Le Conseil d’administration, qui a en mains la gestion des dotations de l’Université, se compose de vingt et un membres, parmi lesquels on remarque le recteur Harper et plusieurs négociants riches de Chicago, MM. Martin Ryerson, le président ; John Rockefeller jor, Charles Hutchinson et Ferdinand Peck, le commissaire général des États-Unis à l’exposition de Paris en 1900. Par contre le Sénat, qui s’occupe de l’enseignement et de la discipline et le conseil de l’Université qui traite les questions d’administration, ne se composent que de professeurs et des doyens des différents collèges affiliés. Il y a d’ailleurs plusieurs comités spéciaux, pour les bibliothèques et laboratoires, pour les exercices gymnastiques, pour les associations d’étudiants. Le recteur W. Harper, qui est président de droit de tous ces conseils et comités, donne chaque mois une soirée ou une réception d’après-midi, à laquelle il invite à la fois des membres de l’Université et des bourgeois de la grande cité ou des représentants des professions libérales. Dans ces réceptions qui ne comptent pas moins de 3 à 400 invités, quelques étudiants d’élite remplissent les fonctions de commissaires de la fête (marshall) ; elles ont, sans aucun doute, beaucoup contribué à la popularité et au rapide accroissement de l’Université de Chicago.

Après le gouvernement, nous parlerons de l’organisation de l’Université. Elle est divisée en cinq départements :

1o  L’enseignement, qui comprend les écoles, collèges et académies et se subdivise en sept Facultés ;

2o  L’extension de l’enseignement universitaire ;

3o  Les bibliothèques, laboratoires et musées ;

4o  La presse de l’Université ;

5o  L’affiliation d’autres collèges à l’Université.

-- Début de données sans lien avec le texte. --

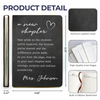 Custom Leather Writing Journal - Personalized Birthday Gifts For Teachers - Appreciation Written From The Heart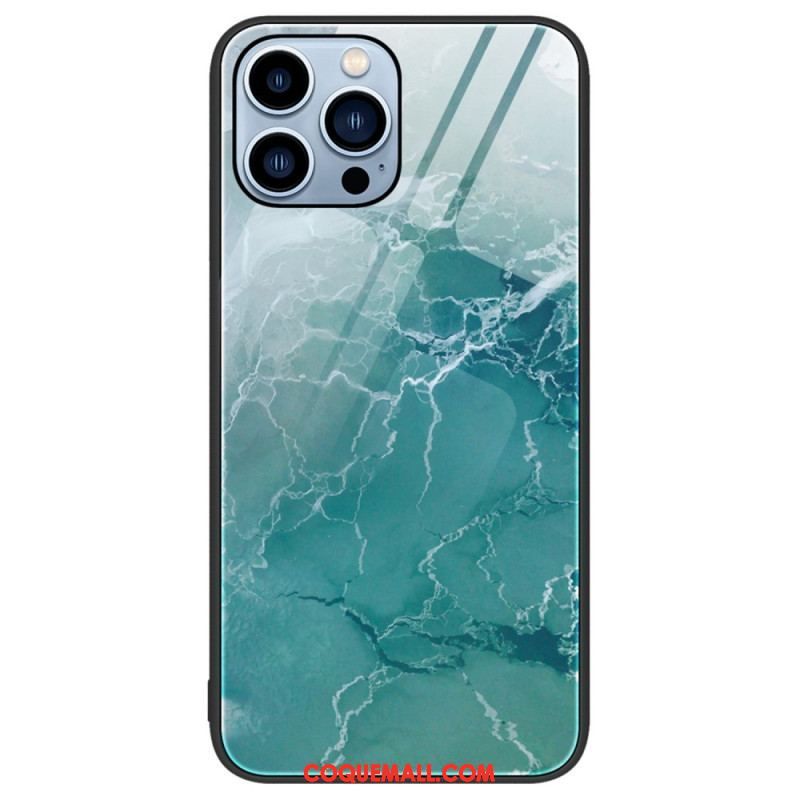 Coque iPhone 14 Pro Verre Trempé Marble Colors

Pour arriver à ce chiffre de sept Facultés, nos amis d’Amérique rangent sous cette rubrique des institutions annexes de l’Université ; par exemple, l’Académie de Morgan park, qui n’est autre qu’un collège d’enseignement secondaire préparant aux hautes études ou bien le groupe des maîtres donnant l’instruction dans les autres collèges. Il n’y a, en fait, à Chicago, que trois Facultés au sens français du mot : 1o  la Faculté des Arts et Lettres ; 2o  la Faculté des Sciences, dite Ogden, du nom d’un de ses bienfaiteurs ; 3o  la Faculté de théologie. Toutes ces Facultés se réunissent, le premier jour de chaque trimestre, en une séance publique dite « Convocation » ; on y confère les grades, entend un rapport du Recteur sur la marche de l’Université et un discours d’un orateur choisi par l’Assemblée générale des maîtres et étudiants. À peine organisée, l’Université de Chicago s’inspirant de l’exemple déjà donné par plusieurs établissements d’enseignement supérieur en Angleterre, a eu l’ambition de servir d’ « université pour le peuple ». Partant de ce principe que, chez tout citoyen, l’intelligence et le sens artistique ne doivent pas être moins développés que le sens moral et religieux, ses directeurs voudraient faire de l’éducation et de la culture personnelle de l’intelligence (self-culture) un des intérêts capitaux de la vie. « Il serait, disent-ils, aussi absurde de la part d’un homme de considérer ses études comme terminées à un certain âge, qu’il le serait de la part d’un ecclésiastique ou d’un homme politique de dire : « Ma tâche est finie, puisque j’ai obtenu un grade dans le clergé ou une fonction dans l’État. » L’Université de Chicago fait donc appel à tous, riches ou pauvres, jeunes ou vieux, hommes ou femmes, qui sont déjà engagés dans les diverses carrières et leur offre les moyens suivants de compléter leurs études et de se mettre au courant des progrès des lettres, arts ou sciences : 1o  des séries de conférences, données à l’Université ; 2o  des classes du soir, organisées à Chicago et dans ses faubourgs, surtout le samedi ; 3o  des corrections de devoirs par correspondance ; 4o  la direction de « clubs d’études » locaux.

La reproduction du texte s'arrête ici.